I would have been stoked to go to this restaurant with my friend, but what my heart really wants is for my husband to be whole. The restaurant was just a placeholder, a placebo. The grief that came wasn’t for lost hope of French food-no, no. The French food just created an avenue for my soul to express its true longing.
The hope for healing for Zack has been deferred for almost three years. Charley has known him longer with a brain injury than without. Soon, more of our marriage will have been spent contending with this than not. These are the really hard truths of our life that I need to ponder and try to come to terms with. Day after day, prayer after prayer…hope deferred. I often wonder, how long I can keep hoping? How long can I keep praying before it just feels silly and futile? Truth is, sometimes it already does seem silly and futile.
The absence of Hope means giving up. I made a promise long ago that I would never give up. My daughter deserves Hope, my husband deserves Hope. My friends contending with the unknown, too many to name, deserve Hope, the hurting and exploited women in Africa, the orphans in Haiti, the displaced families in the Middle East, and all our friends in the brain injury community… deserve Hope.

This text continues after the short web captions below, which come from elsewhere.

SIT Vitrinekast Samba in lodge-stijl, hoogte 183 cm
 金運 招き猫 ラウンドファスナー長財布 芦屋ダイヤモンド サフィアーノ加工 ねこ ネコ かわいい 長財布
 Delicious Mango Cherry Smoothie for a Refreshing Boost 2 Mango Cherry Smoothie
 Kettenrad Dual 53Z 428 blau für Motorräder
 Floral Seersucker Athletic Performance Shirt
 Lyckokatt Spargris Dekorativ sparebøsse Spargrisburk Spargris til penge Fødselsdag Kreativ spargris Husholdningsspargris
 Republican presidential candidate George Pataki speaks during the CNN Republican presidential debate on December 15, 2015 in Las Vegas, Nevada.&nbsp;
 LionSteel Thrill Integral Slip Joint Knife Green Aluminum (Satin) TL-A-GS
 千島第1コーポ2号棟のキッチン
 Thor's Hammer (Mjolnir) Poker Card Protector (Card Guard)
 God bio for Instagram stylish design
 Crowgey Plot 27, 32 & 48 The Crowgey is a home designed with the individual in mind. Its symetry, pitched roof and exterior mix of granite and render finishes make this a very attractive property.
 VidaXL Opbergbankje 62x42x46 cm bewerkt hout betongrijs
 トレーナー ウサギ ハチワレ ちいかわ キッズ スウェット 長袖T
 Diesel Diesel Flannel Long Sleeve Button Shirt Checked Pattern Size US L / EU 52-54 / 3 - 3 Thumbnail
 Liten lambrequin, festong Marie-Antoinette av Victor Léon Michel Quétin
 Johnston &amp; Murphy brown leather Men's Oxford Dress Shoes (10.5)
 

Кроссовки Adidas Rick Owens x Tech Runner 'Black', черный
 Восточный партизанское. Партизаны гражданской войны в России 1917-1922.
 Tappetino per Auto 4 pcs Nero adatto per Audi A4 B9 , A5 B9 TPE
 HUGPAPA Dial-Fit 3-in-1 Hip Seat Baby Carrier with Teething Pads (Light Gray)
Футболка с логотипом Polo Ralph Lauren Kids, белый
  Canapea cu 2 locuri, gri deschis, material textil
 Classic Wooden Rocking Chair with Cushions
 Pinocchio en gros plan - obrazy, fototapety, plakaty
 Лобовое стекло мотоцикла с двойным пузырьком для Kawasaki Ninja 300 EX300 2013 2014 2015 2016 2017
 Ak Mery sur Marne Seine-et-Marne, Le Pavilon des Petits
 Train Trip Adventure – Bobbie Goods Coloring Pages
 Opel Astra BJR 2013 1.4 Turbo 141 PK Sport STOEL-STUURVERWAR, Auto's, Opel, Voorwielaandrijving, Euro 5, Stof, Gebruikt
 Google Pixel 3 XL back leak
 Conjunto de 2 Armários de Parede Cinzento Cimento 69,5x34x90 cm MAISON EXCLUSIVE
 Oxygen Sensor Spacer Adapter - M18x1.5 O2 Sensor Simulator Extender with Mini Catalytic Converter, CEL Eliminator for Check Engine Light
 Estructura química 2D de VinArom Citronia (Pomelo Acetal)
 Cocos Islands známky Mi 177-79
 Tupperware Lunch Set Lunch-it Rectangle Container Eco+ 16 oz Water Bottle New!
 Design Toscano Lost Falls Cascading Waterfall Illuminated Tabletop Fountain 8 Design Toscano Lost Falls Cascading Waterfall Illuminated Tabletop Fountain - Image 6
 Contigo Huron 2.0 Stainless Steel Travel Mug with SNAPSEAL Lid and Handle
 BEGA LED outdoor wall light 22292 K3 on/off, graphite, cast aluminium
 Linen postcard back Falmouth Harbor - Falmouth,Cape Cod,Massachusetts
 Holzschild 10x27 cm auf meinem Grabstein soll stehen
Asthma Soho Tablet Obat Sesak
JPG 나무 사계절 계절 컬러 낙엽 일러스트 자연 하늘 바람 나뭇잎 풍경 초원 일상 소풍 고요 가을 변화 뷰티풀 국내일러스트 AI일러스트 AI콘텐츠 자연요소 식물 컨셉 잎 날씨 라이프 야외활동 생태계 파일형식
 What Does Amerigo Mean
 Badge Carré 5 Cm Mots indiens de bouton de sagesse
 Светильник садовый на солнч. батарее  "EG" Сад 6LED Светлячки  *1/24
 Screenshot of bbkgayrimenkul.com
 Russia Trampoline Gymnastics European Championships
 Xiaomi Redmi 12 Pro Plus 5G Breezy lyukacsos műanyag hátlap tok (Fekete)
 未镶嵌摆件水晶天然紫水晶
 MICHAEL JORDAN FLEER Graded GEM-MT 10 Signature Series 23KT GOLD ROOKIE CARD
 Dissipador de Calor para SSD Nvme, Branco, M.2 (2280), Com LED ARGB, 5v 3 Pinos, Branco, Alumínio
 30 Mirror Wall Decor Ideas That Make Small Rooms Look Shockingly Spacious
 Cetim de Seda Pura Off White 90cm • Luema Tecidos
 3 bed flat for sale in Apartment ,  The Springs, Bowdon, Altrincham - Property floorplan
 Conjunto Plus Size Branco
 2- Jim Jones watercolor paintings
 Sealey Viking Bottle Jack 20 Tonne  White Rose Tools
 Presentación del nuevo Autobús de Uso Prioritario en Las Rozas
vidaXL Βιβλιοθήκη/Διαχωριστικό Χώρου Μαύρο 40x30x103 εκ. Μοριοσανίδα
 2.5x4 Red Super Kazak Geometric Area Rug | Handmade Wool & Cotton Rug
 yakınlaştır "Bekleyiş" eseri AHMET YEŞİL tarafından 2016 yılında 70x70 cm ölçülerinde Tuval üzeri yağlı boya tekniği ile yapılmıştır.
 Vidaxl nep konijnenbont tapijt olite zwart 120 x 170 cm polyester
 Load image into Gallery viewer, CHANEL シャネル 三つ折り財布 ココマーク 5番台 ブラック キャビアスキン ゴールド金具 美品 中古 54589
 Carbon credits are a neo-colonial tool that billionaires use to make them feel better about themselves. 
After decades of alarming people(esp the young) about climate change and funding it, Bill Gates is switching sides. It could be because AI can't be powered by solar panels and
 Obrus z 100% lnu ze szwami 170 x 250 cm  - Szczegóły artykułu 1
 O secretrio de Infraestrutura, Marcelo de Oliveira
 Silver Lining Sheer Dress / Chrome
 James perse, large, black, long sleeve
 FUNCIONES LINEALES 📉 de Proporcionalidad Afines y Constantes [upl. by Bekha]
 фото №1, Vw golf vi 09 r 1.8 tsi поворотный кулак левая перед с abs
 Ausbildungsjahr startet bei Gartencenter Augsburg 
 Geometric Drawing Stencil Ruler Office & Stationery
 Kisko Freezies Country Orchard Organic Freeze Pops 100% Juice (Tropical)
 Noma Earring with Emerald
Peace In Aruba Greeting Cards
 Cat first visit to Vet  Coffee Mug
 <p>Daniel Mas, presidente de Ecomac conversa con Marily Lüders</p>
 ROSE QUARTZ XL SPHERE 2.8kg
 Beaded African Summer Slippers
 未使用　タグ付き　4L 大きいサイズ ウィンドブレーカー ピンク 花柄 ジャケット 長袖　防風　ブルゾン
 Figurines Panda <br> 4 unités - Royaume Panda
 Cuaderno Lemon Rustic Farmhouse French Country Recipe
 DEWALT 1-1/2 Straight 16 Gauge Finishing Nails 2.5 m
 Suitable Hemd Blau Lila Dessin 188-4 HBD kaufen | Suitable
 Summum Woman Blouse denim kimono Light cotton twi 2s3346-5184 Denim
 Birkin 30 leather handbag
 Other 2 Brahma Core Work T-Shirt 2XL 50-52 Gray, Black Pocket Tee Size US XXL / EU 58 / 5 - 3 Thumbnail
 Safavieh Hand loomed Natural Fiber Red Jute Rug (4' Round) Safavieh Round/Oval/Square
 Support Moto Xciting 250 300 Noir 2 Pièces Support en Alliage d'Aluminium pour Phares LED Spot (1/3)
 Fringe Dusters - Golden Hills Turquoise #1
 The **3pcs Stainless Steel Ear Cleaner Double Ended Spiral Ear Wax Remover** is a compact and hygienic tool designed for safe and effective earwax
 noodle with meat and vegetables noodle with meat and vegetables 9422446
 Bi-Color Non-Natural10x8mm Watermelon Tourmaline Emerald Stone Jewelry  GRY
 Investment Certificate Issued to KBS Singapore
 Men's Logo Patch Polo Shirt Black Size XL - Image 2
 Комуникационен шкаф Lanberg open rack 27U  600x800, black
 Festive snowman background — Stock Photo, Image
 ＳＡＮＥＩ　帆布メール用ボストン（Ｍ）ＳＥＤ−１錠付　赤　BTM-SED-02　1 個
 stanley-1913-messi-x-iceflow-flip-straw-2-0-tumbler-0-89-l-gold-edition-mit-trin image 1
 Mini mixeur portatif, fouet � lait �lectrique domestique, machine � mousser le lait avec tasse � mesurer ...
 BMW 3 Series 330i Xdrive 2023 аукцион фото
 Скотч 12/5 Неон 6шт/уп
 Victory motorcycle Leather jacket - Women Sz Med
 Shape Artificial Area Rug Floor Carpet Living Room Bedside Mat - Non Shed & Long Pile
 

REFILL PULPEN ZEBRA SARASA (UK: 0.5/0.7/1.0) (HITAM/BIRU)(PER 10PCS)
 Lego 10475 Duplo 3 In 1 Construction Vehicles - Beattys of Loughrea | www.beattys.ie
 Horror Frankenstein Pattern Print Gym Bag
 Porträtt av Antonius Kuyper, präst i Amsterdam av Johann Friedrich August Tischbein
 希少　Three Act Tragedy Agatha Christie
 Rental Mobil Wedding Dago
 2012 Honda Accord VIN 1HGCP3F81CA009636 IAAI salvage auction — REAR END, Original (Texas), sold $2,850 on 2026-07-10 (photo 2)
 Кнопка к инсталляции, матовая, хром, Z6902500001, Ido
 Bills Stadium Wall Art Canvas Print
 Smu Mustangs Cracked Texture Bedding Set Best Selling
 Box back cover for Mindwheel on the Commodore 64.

I’m not sure if my Hope matters one iota to the condition of this world. But I’m going to believe it does and I’m going to make sure it’s felt and heard. Donald Miller describes hope as the “light shining back from the future”. I don’t know what anyone’s future holds, but I do know that I can make a difference right now. I can make people’s “right now” a little sweeter, the wait a little less painful and a little more bearable. I won’t give up, because of you and me, because we’re in this together.
Forward march!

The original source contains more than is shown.